Home Ureteropelvic Junction Obstuction (UPJ)
Ureteropelvic Junction Obstruction (UPJ) PDF E-mail

One in 1,500 children are born with a urinary tract blockage call Ureteropelvic Junction Obstruction or UPJ. This congenital obstruction occurs where the ureter joins the renal pelvis. This malformation of a muscle develops as the kidney forms in the fetus. It can be commonly diagnosed with a prenatal ultrasound test.

 

The obstruction blocks adequate flow of urine produced by the kidney to pass from the renal pelvis into the ureter. The excess urine builds up in the kidney and causes a hydronephrosis which is visible on the ultrasound. This observation is the red flag that the child has a UPJ obstruction. This obstruction may be severe (high grade), minimal (low grade) or intermittent.

 

Unless treated, children may have pain (related to the blockage), urinary tract infection (due to stagnation of urine caused by the UPJ blockage), or kidney stones. The kidney may become damaged if subjected to prolonged blockage and infection.

 

Most UPJ obstructions are identified before birth because of the widespread use of fetal ultrasound screening. After birth, symptoms of UPJ obstruction may be an abdominal mass, a urinary tract infection with fever, flank pain especially with increased fluid intake, kidney stones and bloody urine. It is possible to have pain without an infection. UPJ obstructions may be irregular. Urine may pass normally for awhile and then completely stop, producing sporadic pain.

 

An ultrasound is helpful in screening for problems, it does not diagnose UPJ.  A test called a lasix (furosemide) renal scan is used. With this nuclear test, dye is injected and absorbed, and once the diuretic is given, scans are used to view passage of the dye.  The material is viewed with a special camera as it passes though the kidney to the ureter and gives the physician even more accuracy in diagnosing a UPJ.

 

Suregery (pyeloplasty) involves removing the UPJ blockage and reconnecting the ureter to the renal pelvis. A tube may be placed across the pyeloplasty (stent) or may be left above the surgery to decompress the kidney (nephrostomy).

 

 

Sometimes the UPJ in infants and young children less than 18 months may be temporary. Many infants with good kidney function and poor drainage will have a dramatic improvement of drainage over the first few months of life. Others may not improve or worsen.
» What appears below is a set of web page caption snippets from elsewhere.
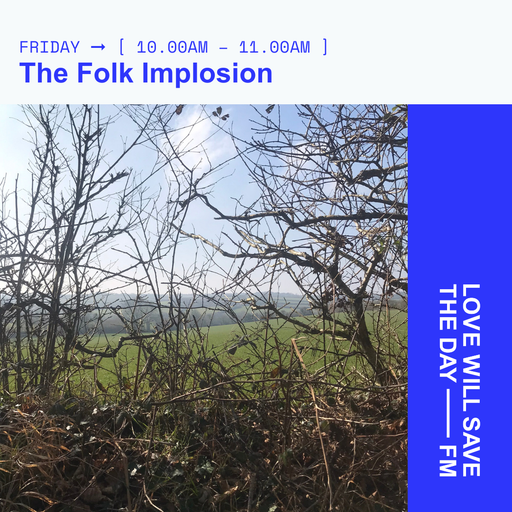 2025-03-14 The Folk Implosion | LWSTD-FM
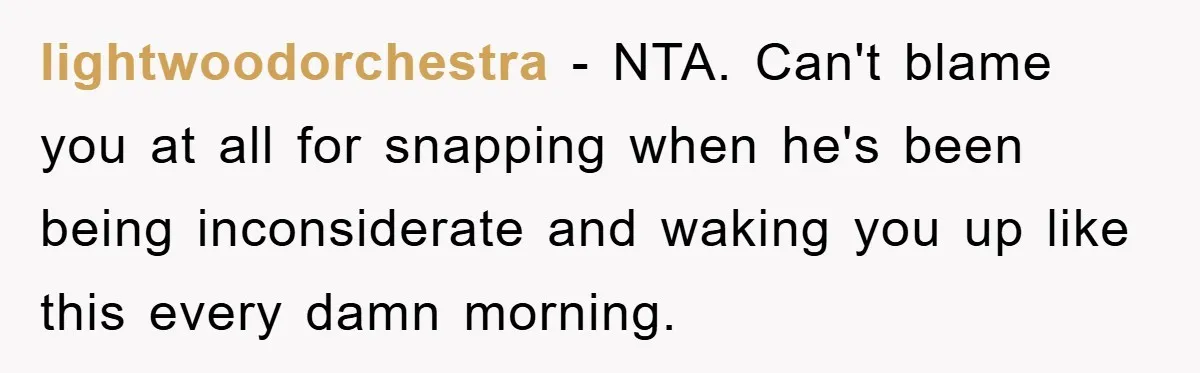 lightwoodorchestra − NTA. Can't blame you at all for snapping when he's been being inconsiderate and waking you up like this every damn morning.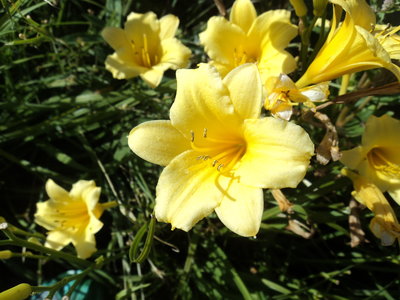 DSC00861.JPG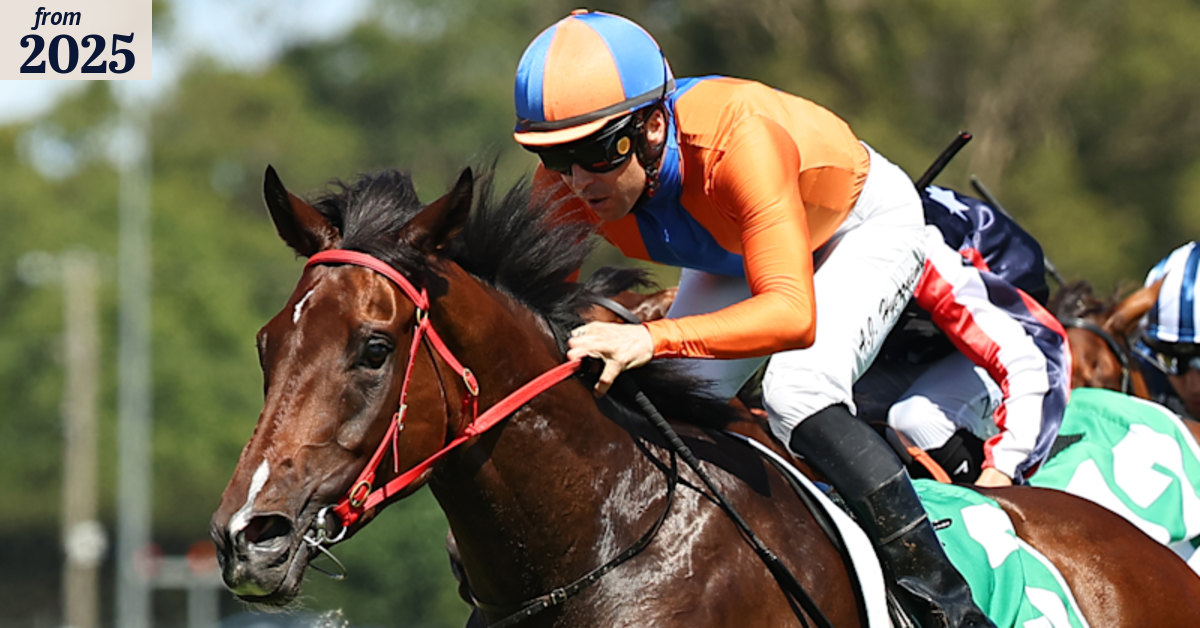 Race-by-race preview and tips for Randwick on Saturday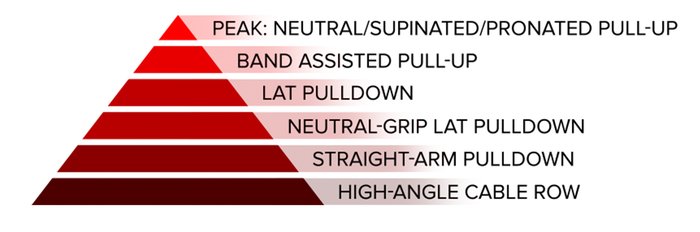 Vertical pull; peak: neutral/supinated/close-grip pull-up, band-assisted pull-up, lat pulldown, neutral-grip lat pulldown, straight-arm pulldown, and high-angle cable row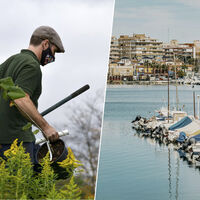 Un jardinero de Torrevieja pidió teletrabajar. Naturalmente, se lo denegaron, pero la historia era más profunda 
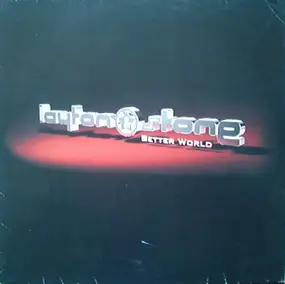 Stone - better world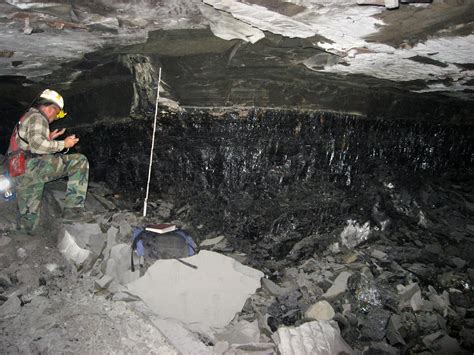 Underground Fossil Forest in Illinois Offers Clues on Climate Change.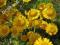 Rumian żółty - ładne sadzonki!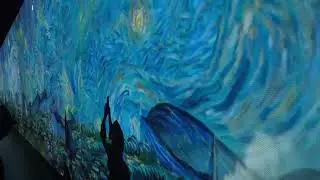 Van Gogh Dijital G&ouml;rsel Sergi Cer Modern Ankara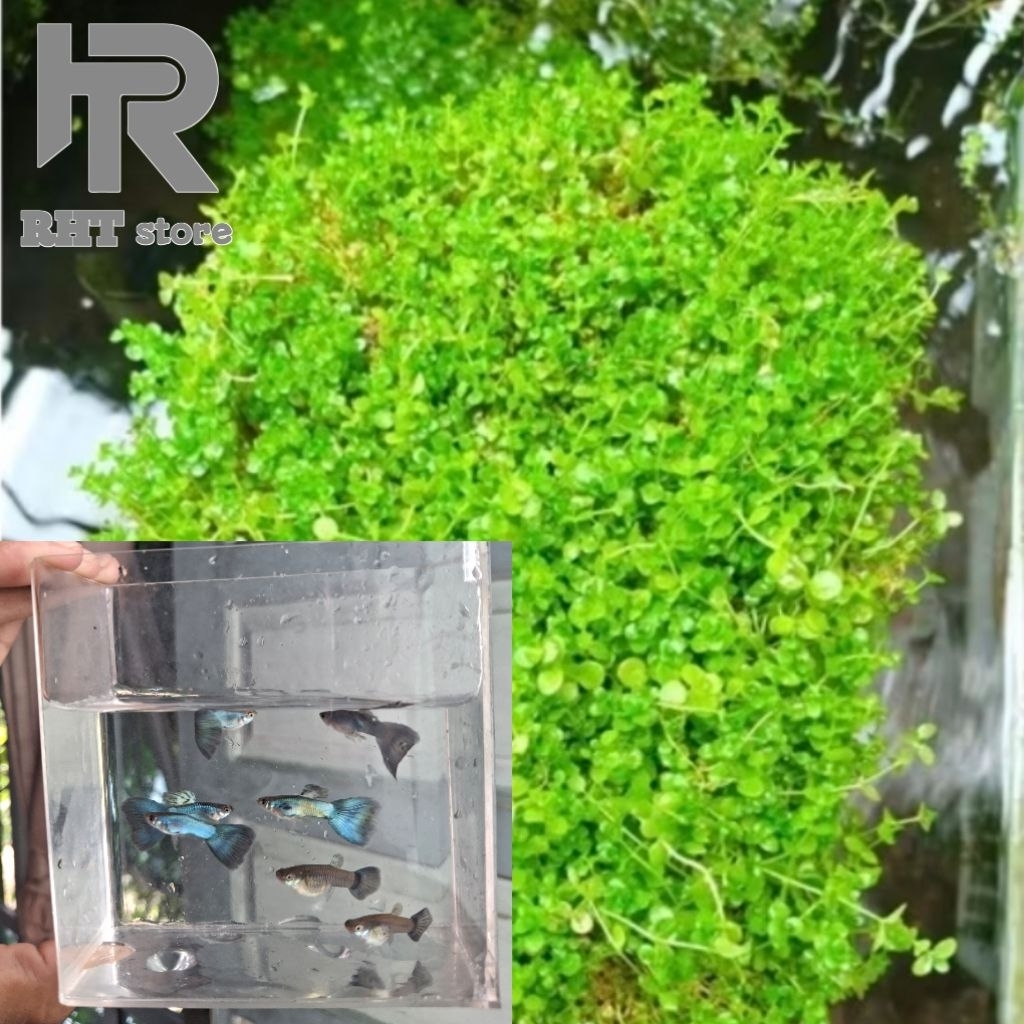 GP_Hiasan Aquarium_Guppy Singa Blue Tail ( SBT )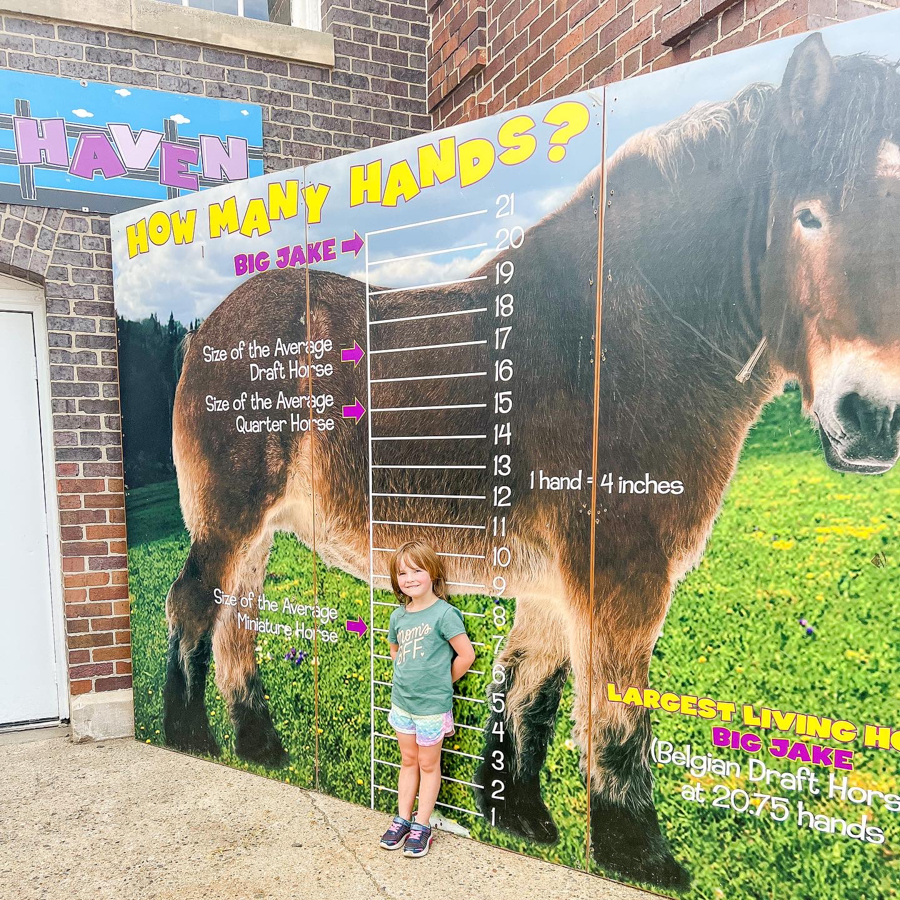 Educational display showing horse height measurements against a brick wall.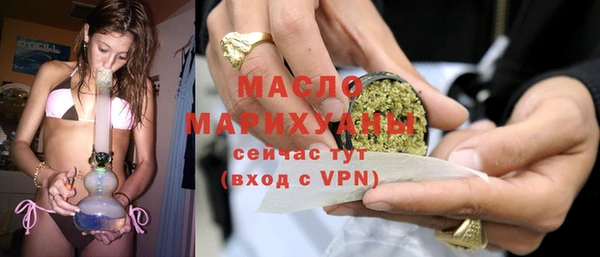 гидра Горнозаводск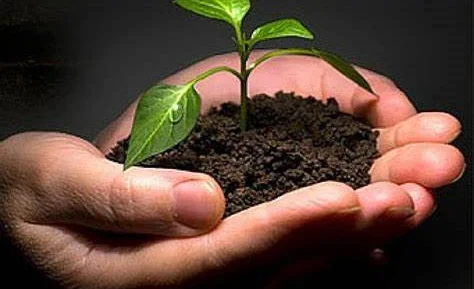 WhatsApp Image 2025-02-28 at 10.22.05.jpeg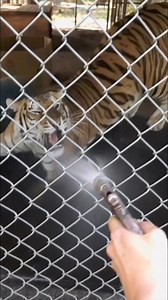Tiger keeping cool #tiger #playing #bigcats | The CARE Foundation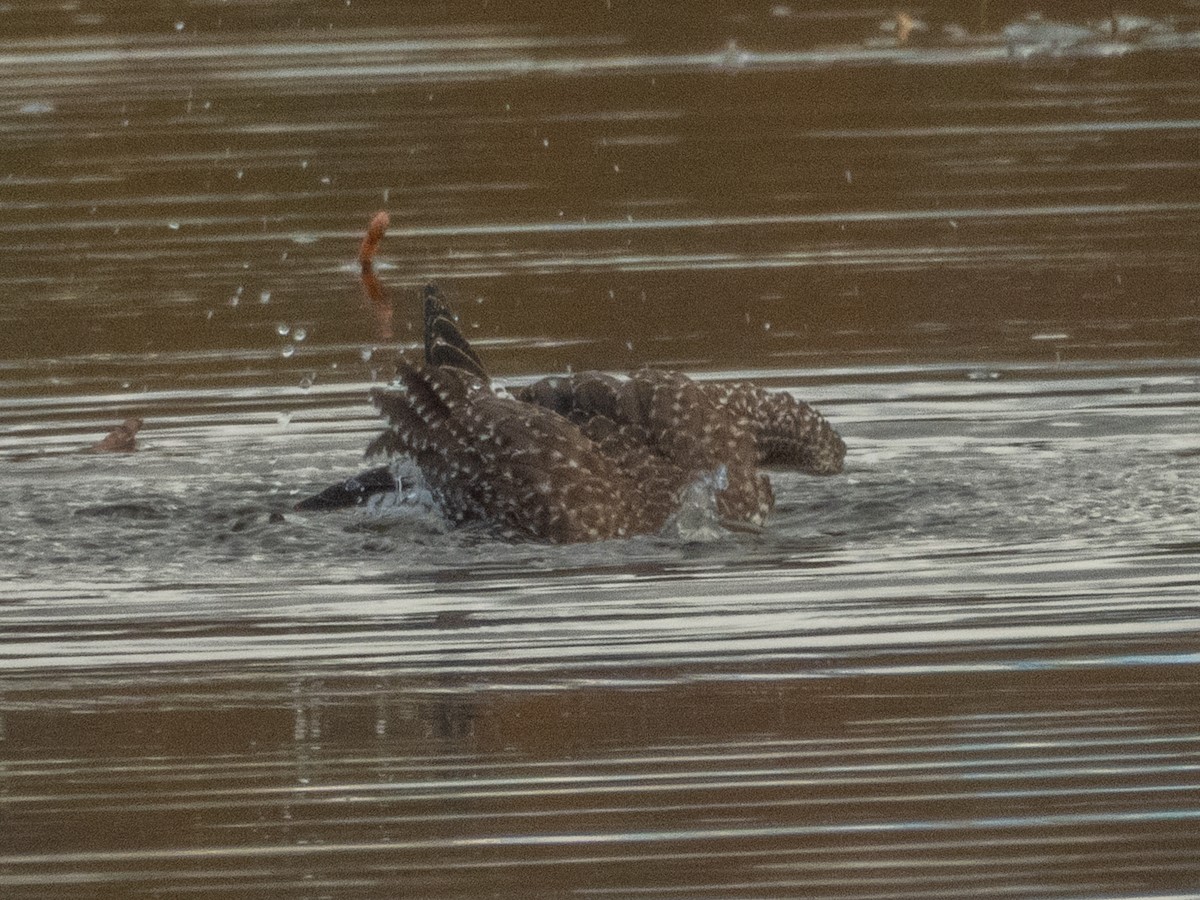 Greater Yellowlegs - ML644055042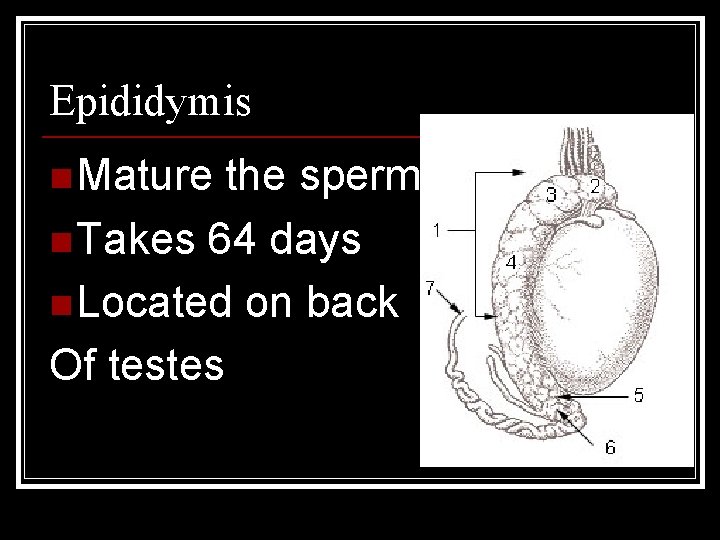 Epididymis n Mature the sperm n Takes 64 days n Located on back Of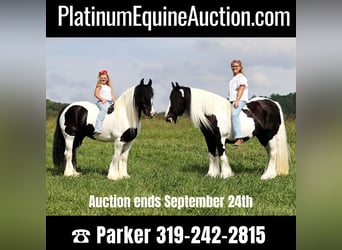 Gypsy Horse, Mare, 15 years, 15 hh, Tobiano-all-colors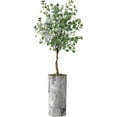 thumbnail image 1 of Artificial Tree in Modern Planter, Fake Eucalyptus Silk Tree for Indoor and Outdoor Home Decoration - 66" Overall Tall (Plant Pot Plus Tree), 1 of 4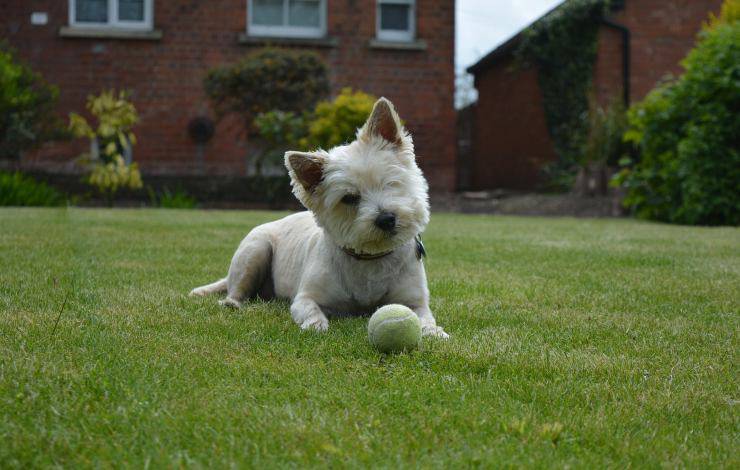 cairn terrier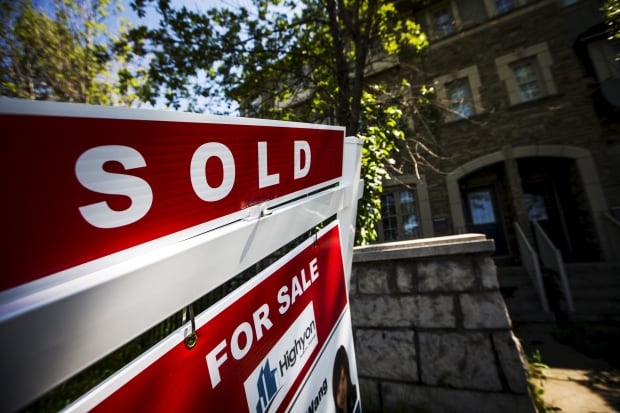 Housing market thriving so far this year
Because there is a chance of improved drainage without surgery, some infancts with hydronephrosis (fluid-filled enlargement of the kidney) are watched with repeat ultrasounds and office visits. Once the diagnosis of UPJ obstruction is established and after 18 months of age, if there is no further reasonable chance of improvement, the condition requires surgical treatment.

 

The surgery lasts a couple of hours and has a success rate in excess of 95 percent. Post-surgical hospitalization may be required. The incision on the patient is two to three inches long just below the ribs and behind a line that would pass from the patient's arm to their leg on the affected side.

 

Newer treatment of UPJ obstruction involves minimally invasive surgery. There are two options, a laparoscopic pyeloplasty and an internal incision of the UPJ. Laparoscopic surgery is done by placing several instruments through the abdominal wall and performing the surgical procedure. This procedure is most often done through the abdominal cavity and has the disadvantage of potentially causing scarring or adhesions within the abdomen. Surgeons also cannot use techniques that are as delicate in a laparoscopic as in an open procedure. The clear advantages of laparoscopic surgery are less pain and nausea especially in older children and adults. Success rates of laparoscopic pyeloplasty are just being determined but will eventually approach the effectiveness of open surgery with time. The second option is to insert a wire through the ureter and use it to cut the tight and narrow UPJ from the inside. A special ureteral drain is left in place for several weeks and then removed. The UPJ heals in a more open manner in most patients but the treatment may need to be repeated and success rates are clearly less than those of open surgery. The advantages of this procedure are less pain and nausea.

 

 

After surgery, there is usually swelling of the ureter and continued poor drainage of the kidney for awhile. A functional test is performed a few weeks after the procedure, to evaluate how well the kidney is working. Patients usually recover quickly but some have pain for a few days. A drainage tube may be left in place to help drain the kidney while it heals.

 

The appearance of the kidney improves over the years, but usually it never looks normal on ultrasound or other studies. A UPJ obstruction almost never recurs. Patients may have a slightly increased risk of developing stones and infection throughout their lives. A child should be monitored for several years after a UPJ surgery to evaluate kidney function and any potential infection.